◆ BRIEF ◆
Your output should be the lines of the entries below, exactly, from the first one through the line that holds "Se vende casa".

GIVEN DATA: Begin

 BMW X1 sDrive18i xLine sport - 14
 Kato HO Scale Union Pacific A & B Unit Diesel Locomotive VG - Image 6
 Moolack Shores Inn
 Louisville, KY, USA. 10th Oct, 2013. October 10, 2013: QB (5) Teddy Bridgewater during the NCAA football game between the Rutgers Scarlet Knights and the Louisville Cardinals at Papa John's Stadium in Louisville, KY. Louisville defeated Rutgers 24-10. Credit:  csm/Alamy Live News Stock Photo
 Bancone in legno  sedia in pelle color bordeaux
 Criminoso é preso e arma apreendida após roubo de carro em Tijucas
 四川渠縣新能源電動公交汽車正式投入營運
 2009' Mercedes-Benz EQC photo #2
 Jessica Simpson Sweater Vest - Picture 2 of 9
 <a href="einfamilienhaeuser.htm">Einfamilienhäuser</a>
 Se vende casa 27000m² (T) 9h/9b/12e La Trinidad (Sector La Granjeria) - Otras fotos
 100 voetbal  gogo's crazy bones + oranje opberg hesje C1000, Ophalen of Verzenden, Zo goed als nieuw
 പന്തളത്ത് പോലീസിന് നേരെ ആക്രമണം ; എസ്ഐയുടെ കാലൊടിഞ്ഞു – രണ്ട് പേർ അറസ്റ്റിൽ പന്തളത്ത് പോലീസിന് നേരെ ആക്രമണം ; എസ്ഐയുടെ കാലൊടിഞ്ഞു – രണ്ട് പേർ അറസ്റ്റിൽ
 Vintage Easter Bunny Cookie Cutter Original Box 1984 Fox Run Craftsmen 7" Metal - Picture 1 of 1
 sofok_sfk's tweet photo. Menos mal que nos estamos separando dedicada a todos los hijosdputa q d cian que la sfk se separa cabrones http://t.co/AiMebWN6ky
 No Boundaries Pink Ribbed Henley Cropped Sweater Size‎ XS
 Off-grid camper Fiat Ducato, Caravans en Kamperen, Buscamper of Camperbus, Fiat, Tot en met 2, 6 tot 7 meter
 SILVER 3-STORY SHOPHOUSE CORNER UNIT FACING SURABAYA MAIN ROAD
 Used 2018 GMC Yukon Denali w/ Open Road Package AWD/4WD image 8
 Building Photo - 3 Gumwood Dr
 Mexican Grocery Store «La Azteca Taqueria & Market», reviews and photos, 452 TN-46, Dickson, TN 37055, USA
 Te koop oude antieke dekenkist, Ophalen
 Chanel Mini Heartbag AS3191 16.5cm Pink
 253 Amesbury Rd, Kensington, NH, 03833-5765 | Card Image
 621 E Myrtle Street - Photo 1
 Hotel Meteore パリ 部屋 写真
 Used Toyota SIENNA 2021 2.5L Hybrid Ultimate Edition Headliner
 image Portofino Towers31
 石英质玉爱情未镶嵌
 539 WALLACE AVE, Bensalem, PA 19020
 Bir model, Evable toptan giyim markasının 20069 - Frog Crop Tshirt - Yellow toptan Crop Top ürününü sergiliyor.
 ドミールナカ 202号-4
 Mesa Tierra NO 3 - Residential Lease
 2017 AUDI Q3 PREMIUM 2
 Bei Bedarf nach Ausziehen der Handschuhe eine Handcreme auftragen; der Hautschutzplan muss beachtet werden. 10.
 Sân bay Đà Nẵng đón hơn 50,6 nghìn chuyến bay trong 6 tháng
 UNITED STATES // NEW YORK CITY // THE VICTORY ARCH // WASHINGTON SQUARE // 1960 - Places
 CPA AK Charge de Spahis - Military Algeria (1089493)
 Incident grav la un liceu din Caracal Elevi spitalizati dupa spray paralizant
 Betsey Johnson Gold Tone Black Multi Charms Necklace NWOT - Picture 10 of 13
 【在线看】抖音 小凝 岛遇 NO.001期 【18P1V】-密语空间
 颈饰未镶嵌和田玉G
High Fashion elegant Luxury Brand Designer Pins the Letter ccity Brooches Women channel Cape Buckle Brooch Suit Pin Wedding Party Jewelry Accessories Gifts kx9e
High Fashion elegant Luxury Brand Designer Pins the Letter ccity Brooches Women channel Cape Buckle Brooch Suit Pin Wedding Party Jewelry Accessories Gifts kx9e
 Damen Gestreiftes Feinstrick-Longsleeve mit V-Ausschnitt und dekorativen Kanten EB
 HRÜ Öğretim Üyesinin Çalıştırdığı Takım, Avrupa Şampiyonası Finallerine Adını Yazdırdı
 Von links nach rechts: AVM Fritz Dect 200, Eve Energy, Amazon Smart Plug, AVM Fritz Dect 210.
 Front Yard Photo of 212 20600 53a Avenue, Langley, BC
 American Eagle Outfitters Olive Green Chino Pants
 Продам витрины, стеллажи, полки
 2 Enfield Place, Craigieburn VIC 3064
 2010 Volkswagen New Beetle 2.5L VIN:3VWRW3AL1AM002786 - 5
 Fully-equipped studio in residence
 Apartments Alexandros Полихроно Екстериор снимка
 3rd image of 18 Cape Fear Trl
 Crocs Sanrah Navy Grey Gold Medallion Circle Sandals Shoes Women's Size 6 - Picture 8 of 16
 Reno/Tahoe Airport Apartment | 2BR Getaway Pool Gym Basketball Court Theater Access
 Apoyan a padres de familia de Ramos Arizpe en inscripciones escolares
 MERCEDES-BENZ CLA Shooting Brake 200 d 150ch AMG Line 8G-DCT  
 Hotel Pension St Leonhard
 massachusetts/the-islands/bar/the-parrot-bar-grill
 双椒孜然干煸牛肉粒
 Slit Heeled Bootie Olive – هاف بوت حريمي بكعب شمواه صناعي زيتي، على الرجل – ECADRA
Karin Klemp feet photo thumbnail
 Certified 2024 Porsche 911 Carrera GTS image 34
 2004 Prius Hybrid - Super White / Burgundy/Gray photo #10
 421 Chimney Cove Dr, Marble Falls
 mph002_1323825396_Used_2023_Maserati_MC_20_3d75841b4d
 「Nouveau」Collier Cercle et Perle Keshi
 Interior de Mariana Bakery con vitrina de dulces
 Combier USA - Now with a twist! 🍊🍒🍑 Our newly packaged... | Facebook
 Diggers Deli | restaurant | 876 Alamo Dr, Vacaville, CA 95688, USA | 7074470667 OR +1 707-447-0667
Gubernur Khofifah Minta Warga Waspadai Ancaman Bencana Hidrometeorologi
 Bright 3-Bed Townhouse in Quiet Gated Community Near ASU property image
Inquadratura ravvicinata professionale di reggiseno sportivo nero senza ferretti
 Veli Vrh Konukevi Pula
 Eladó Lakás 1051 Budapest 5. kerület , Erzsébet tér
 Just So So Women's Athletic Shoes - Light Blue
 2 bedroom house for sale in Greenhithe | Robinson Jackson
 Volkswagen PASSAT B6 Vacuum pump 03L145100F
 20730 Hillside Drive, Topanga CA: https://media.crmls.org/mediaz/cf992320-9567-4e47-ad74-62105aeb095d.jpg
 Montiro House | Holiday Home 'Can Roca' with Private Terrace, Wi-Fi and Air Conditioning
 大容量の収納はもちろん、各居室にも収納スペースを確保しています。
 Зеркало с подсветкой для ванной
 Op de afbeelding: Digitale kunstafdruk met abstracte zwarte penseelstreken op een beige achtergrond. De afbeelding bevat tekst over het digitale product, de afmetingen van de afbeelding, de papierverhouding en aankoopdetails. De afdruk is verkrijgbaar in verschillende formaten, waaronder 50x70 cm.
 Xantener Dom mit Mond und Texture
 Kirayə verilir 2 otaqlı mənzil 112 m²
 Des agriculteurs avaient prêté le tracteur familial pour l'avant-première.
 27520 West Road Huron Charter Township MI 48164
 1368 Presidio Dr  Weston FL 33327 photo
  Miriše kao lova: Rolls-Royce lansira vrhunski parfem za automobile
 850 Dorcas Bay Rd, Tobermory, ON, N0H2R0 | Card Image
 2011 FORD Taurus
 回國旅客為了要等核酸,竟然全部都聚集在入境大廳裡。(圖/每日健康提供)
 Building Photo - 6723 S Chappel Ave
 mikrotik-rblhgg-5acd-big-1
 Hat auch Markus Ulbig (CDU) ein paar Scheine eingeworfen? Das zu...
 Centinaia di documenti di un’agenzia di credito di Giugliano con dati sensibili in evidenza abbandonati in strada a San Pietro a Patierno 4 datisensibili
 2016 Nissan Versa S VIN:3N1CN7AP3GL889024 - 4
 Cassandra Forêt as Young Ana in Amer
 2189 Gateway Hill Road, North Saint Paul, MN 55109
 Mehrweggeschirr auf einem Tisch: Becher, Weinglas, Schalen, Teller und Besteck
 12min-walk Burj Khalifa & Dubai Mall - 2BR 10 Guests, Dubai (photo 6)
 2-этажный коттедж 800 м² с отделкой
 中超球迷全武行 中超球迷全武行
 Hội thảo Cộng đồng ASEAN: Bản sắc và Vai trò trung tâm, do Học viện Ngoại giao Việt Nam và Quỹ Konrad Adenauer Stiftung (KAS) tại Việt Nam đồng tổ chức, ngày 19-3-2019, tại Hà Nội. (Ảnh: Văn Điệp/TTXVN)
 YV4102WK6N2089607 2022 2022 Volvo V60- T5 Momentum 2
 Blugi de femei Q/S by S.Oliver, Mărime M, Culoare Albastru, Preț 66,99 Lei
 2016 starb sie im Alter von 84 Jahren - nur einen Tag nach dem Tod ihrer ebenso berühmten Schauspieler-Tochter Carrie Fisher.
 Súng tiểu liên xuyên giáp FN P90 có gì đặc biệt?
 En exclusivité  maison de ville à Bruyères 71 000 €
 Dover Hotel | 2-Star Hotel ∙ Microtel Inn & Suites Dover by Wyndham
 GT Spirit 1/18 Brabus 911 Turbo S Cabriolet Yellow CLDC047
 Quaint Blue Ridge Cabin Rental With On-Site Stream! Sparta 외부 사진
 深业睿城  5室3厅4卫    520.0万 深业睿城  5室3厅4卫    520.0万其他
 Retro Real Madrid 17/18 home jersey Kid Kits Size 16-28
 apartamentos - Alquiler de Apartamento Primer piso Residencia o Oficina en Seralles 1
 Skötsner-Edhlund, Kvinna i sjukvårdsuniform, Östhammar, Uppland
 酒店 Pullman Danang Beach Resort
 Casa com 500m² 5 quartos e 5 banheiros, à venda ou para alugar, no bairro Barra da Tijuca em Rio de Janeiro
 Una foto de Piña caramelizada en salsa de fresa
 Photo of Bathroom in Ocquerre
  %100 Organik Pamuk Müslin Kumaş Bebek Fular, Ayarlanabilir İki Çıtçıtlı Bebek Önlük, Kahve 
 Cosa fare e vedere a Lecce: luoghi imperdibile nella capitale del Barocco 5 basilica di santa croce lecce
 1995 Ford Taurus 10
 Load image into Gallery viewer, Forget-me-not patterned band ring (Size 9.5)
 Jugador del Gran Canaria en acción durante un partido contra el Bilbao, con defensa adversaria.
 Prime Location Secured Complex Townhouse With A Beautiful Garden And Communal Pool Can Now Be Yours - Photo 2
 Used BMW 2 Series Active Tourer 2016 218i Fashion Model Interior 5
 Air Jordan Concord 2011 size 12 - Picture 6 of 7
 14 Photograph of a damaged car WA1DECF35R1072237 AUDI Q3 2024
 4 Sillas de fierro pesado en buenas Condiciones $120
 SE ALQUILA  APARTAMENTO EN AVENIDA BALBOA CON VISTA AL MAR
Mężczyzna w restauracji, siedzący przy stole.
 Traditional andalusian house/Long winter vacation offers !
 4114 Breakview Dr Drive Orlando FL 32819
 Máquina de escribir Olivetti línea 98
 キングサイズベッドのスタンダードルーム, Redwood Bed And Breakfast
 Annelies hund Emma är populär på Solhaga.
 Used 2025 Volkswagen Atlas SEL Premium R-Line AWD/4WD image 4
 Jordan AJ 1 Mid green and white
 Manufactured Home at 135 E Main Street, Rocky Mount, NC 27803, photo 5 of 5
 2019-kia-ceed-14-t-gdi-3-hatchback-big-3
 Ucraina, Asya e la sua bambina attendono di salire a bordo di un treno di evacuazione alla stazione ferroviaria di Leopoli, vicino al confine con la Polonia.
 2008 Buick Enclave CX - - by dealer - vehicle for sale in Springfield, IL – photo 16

GIVEN DATA: End

◆ ANSWER BOX ◆
 BMW X1 sDrive18i xLine sport - 14
 Kato HO Scale Union Pacific A & B Unit Diesel Locomotive VG - Image 6
 Moolack Shores Inn
 Louisville, KY, USA. 10th Oct, 2013. October 10, 2013: QB (5) Teddy Bridgewater during the NCAA football game between the Rutgers Scarlet Knights and the Louisville Cardinals at Papa John's Stadium in Louisville, KY. Louisville defeated Rutgers 24-10. Credit:  csm/Alamy Live News Stock Photo
 Bancone in legno  sedia in pelle color bordeaux
 Criminoso é preso e arma apreendida após roubo de carro em Tijucas
 四川渠縣新能源電動公交汽車正式投入營運
 2009' Mercedes-Benz EQC photo #2
 Jessica Simpson Sweater Vest - Picture 2 of 9
 <a href="einfamilienhaeuser.htm">Einfamilienhäuser</a>
 Se vende casa 27000m² (T) 9h/9b/12e La Trinidad (Sector La Granjeria) - Otras fotos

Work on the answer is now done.